Collected data —
■ ■ ■ ■ ■

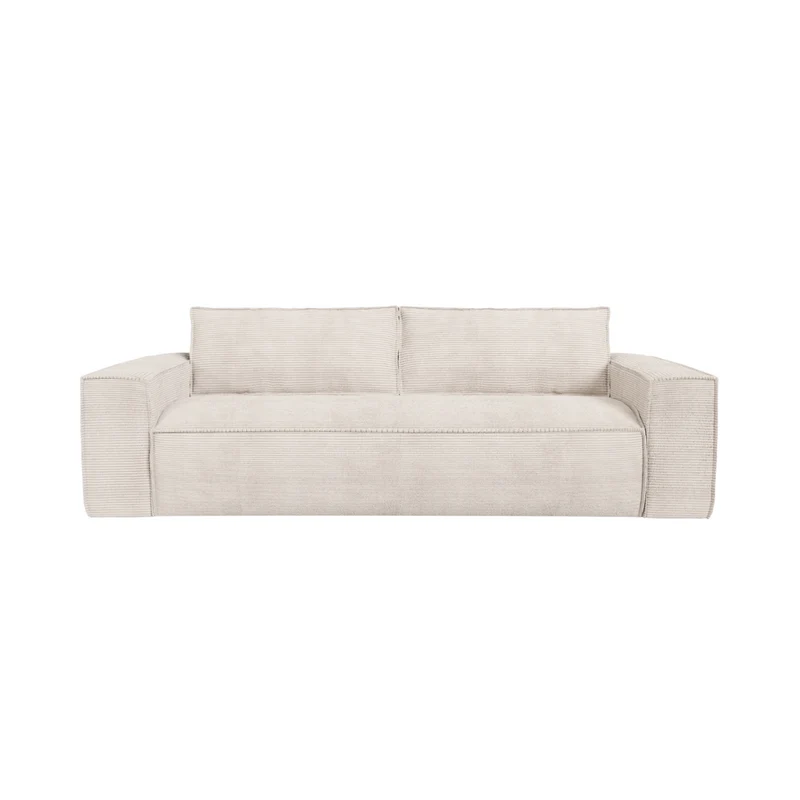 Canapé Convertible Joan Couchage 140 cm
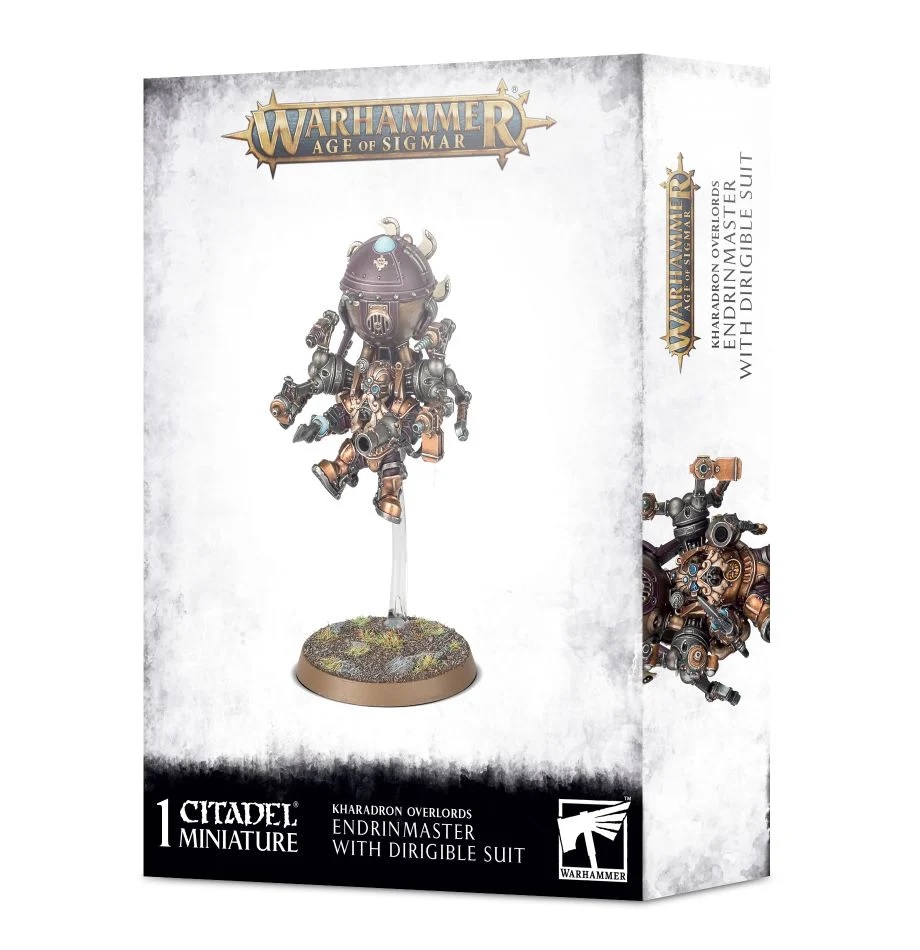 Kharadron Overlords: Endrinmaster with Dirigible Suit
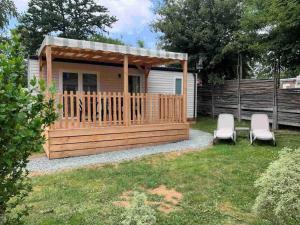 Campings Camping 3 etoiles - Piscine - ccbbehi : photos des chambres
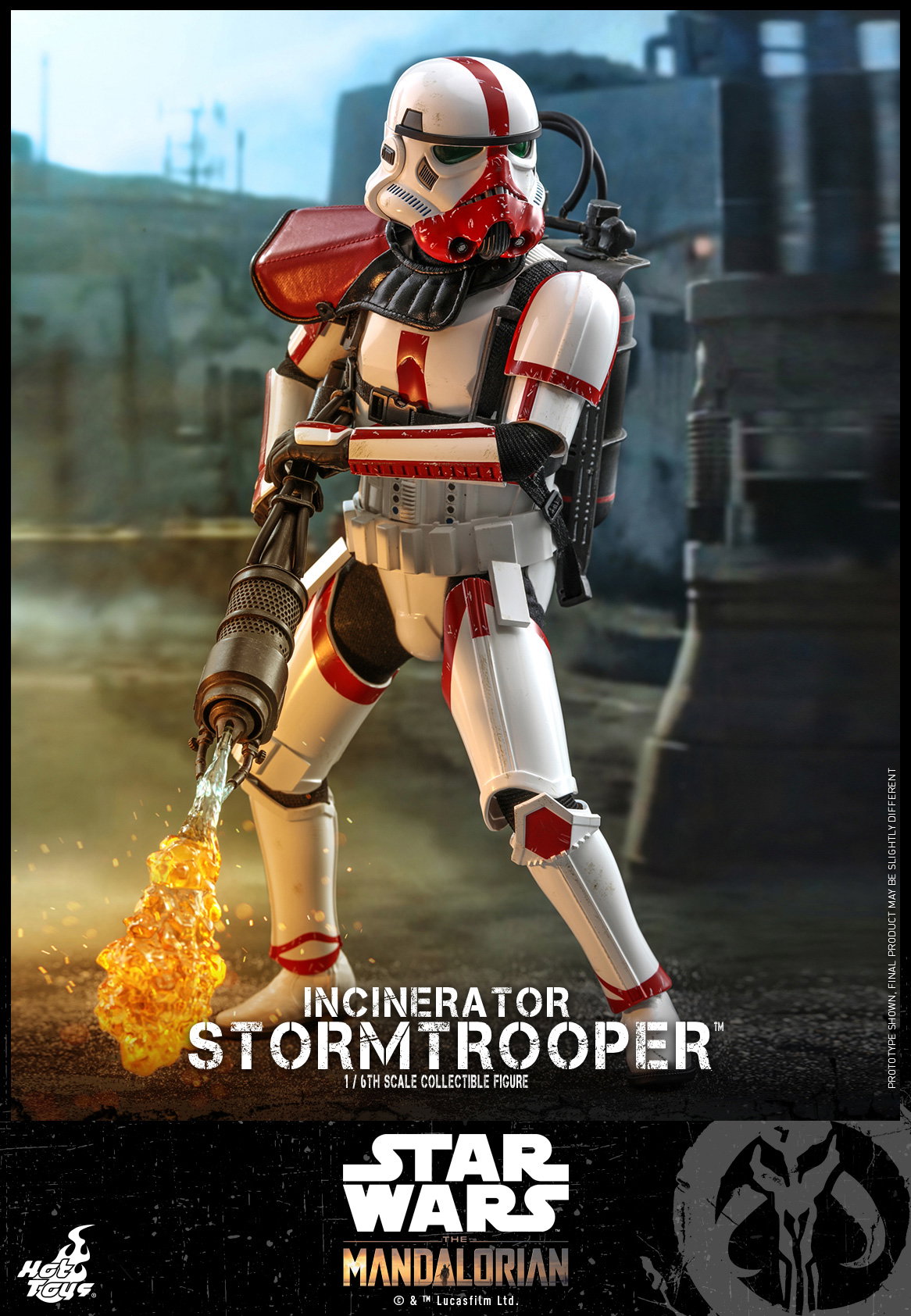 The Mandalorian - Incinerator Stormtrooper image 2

■ ■ ■ ■ ■

All of the material above should be written out exactly as given, minus any images.

Exercise solution —
 Canapé Convertible Joan Couchage 140 cm
 Kharadron Overlords: Endrinmaster with Dirigible Suit
 Campings Camping 3 etoiles - Piscine - ccbbehi : photos des chambres
 The Mandalorian - Incinerator Stormtrooper image 2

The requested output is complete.